Author: Sam Knight
Source: New Yorker (https://www.newyorker.com/magazine/2019/06/03/how-football-leaks-is-exposing-corruption-in-european-soccer)
Did you know that last season, according to the accounting firm Deloitte, European soccer had revenues of twenty-eight billion dollars, about the same as Major League Baseball, the National Hockey League, and the National Football League combined. European soccer is the most lucrative sports arena in the world and the scale of money on offer is leading to corruption. Now thanks to a Portuguese website called Football Leaks the rest of the world is getting to understand the nature and the scale of the corruption. The site is run by a 30 year old Portuguese man, Rui Pinto, who has been jailed for the way he hacked his way to nearly 90 million documents involving the purchase, sale and transfer of football players.
When we read about the transfer of a player from Club X to Club Y, we imagine this to a bilateral contract. The reality is something else:
“The first documents released by Football Leaks related to a controversial investment model known as third-party ownership. One of the ways that clubs make money is by buying and selling players. T.P.O., which originated in Latin America, allows external parties to buy a stake in promising young players, in the hope of profiting from a huge transfer deal one day. (In 2017, the Brazilian striker Neymar was sold by Barcelona to Paris Saint-Germain for around a quarter of a billion dollars.) Proponents of T.P.O. describe it as a form of lending, but many fans believe that it gives investors too much control over a club’s roster and the shape of players’ careers, by influencing when and where a player might be traded.
In Portugal, one of the most vehement critics of T.P.O. was Bruno de Carvalho, the president of Sporting Lisbon, who described it as “a monster coming to football.” fifa, soccer’s global governing body, banned the practice in May, 2015. But the contracts that Varela read on Football Leaks showed that Sporting Lisbon had entered into a secret, T.P.O.-like arrangement with an Angolan club named Recreativo da Caála. “It was powerful,” Varela said. “People say one thing but they are doing something completely different.””
The nature of the criminal activity which characterises European football is rich and varied:
“The information provided by Pinto has led to the conviction of dozens of top soccer players for tax evasion. It has prompted the Las Vegas police department to investigate an allegation of rape against Ronaldo.
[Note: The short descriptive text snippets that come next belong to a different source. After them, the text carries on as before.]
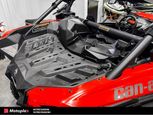 Can-Am MAVERICK X3 TURBO DS 2021 - Thumbnail 5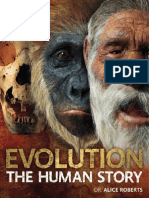 Download Evolution the Human Story by Ejder Yapar SN211222138 doc pdf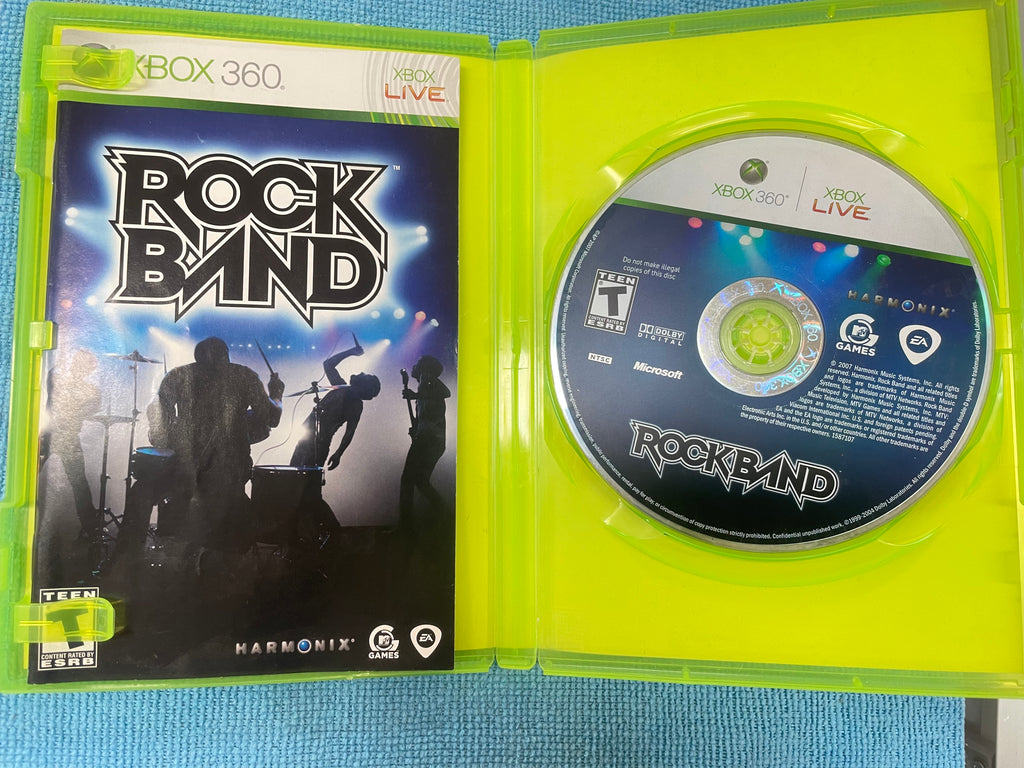Rock Band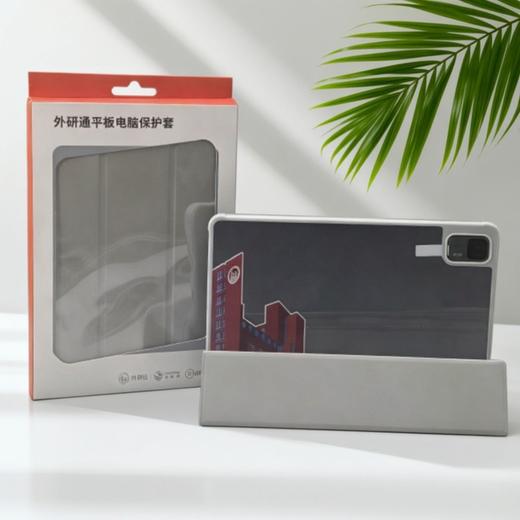 【官方】外研社英语智学平板V10进阶版附贴膜+保护套+单词机+伴学权益(开学季书包需另行联系客服) 商品图6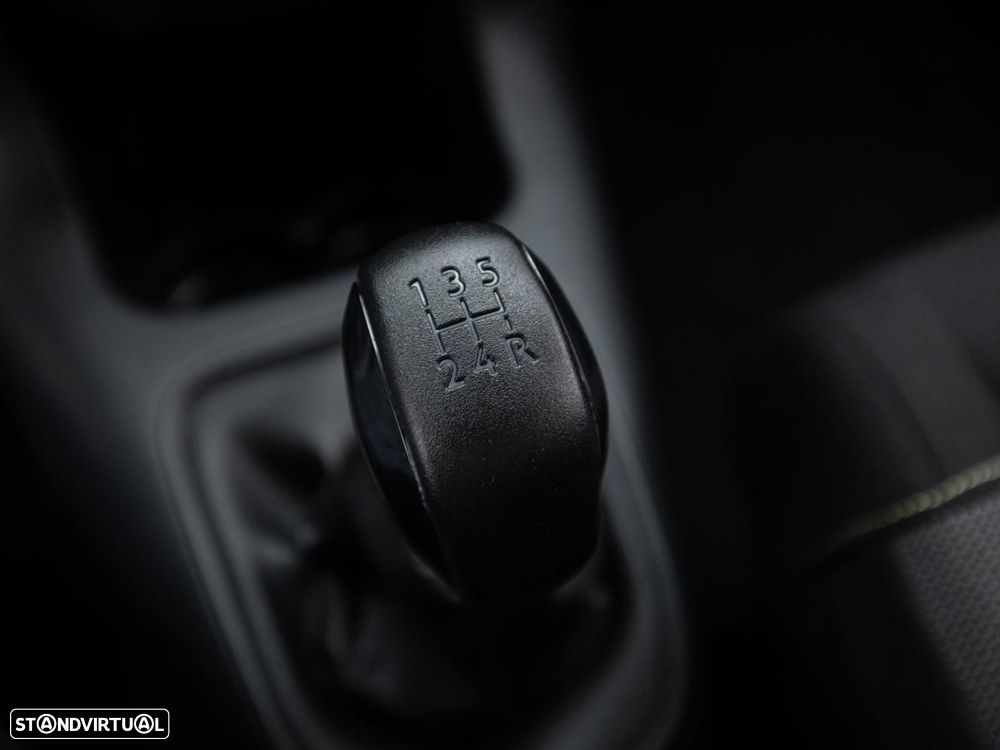 Citroën C3 1.6 BlueHDi Feel - 21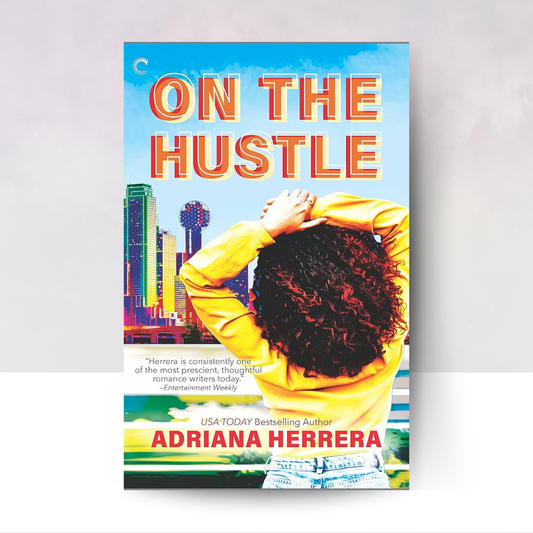 On the Hustle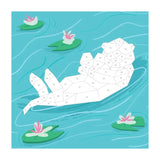 Workman Paint By Sticker Kids Book - Love is Everywhere!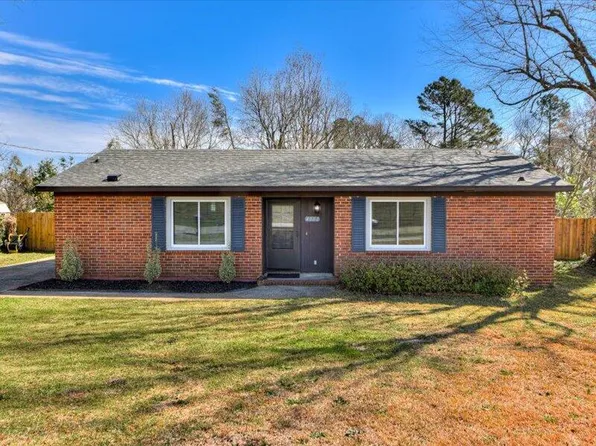 4002 BRIDLE PATH Drive, Hephzibah, GA 30815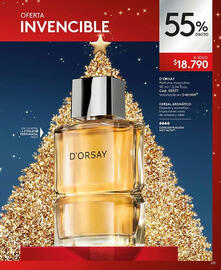 Catálogo Ésika Página 135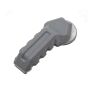 G&p selettore in polymero per fucile elettrico m4 (grigio)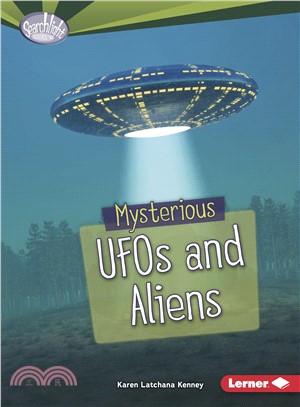 Mysterious Ufos and Aliens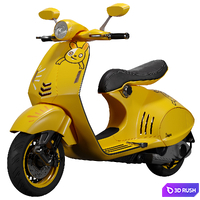 Vespa 946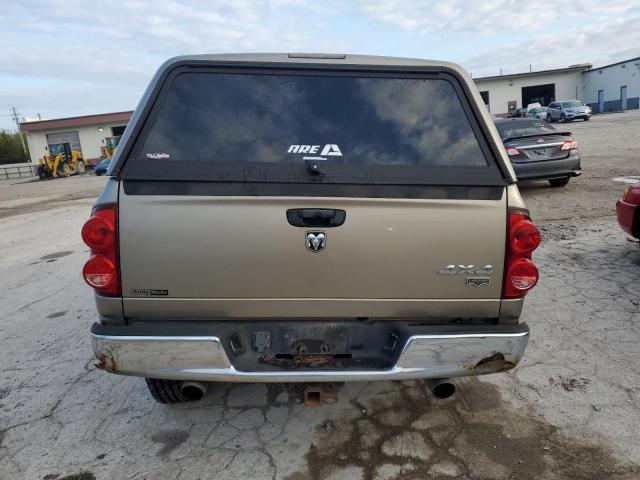 Photo 6 from auction – 2008 DODGE RAM 1500 S with VIN 1D7HU18278J192953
It has also revealed likely rule-breaking by Manchester City, the all-conquering champions of the English game, and a plan by Europe’s leading teams to leave their national leagues and form their own competition.”
This New Yorker story is made more complicated and more interesting because the man behind the hacking and leaking of this data is an unemployed Portuguese university student living in Hungary and hacking his way into the accounts of banks and football clubs across Europe.